### [REQUIRED ACTION]
After finding "Wooden tree decorative" in a line below, print that line and the rest of the lines exactly, leaving out all pictures.

(Captioned web images)
──────────
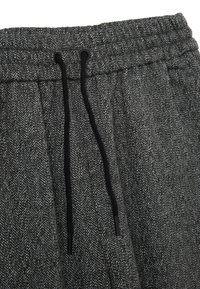 Pantaloni grigi a motivo a spina di pesce con cintura elastica e cordino nero. Tessuto testurizzato con sottili macchie bianche.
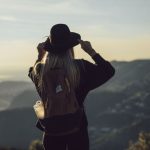 Solo Travel - woman in gray hoodie and black pants wearing black hat standing on top of mountain during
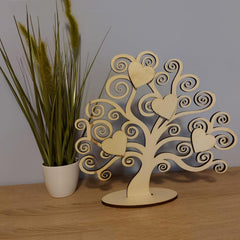Wooden tree decorative item with heart shapes on a wooden surface next to a plant.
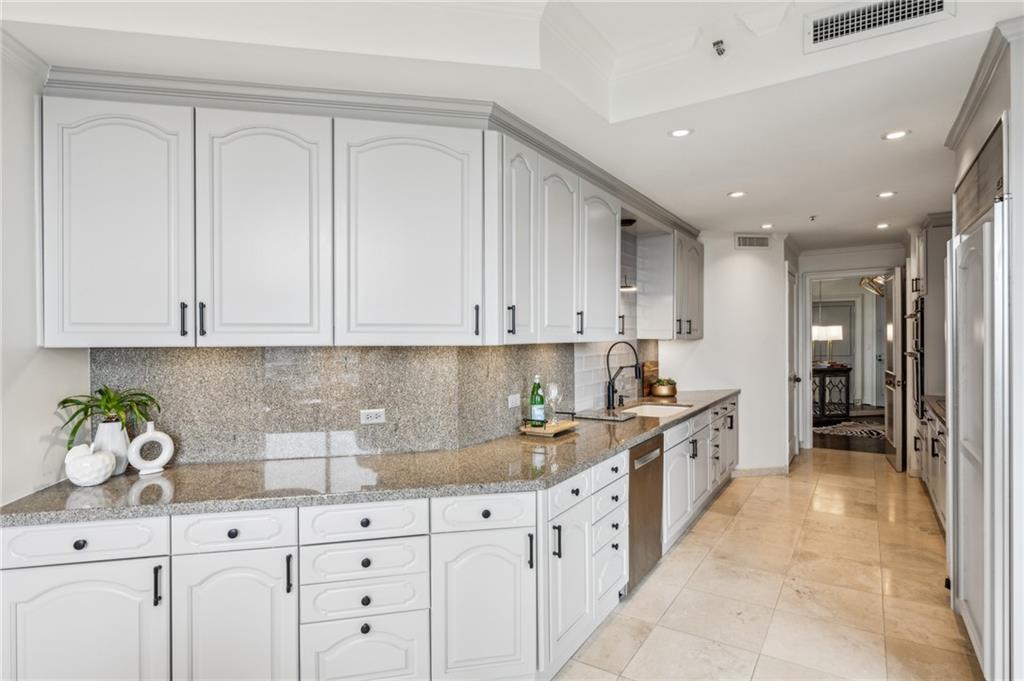 2660 Peachtree Road Northwest, Unit 23A Atlanta, GA 30305 - Photo 19 of 56 a kitchen with granite countertop white cabinets and stainless steel appliances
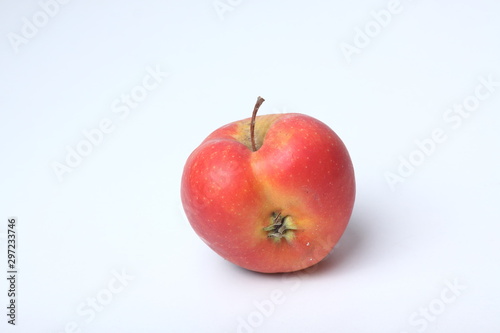 Concept of ugly food - red apple on white background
──────────
### [RESULT FOR THIS EXERCISE]
Wooden tree decorative item with heart shapes on a wooden surface next to a plant.
 2660 Peachtree Road Northwest, Unit 23A Atlanta, GA 30305 - Photo 19 of 56 a kitchen with granite countertop white cabinets and stainless steel appliances
 Concept of ugly food - red apple on white background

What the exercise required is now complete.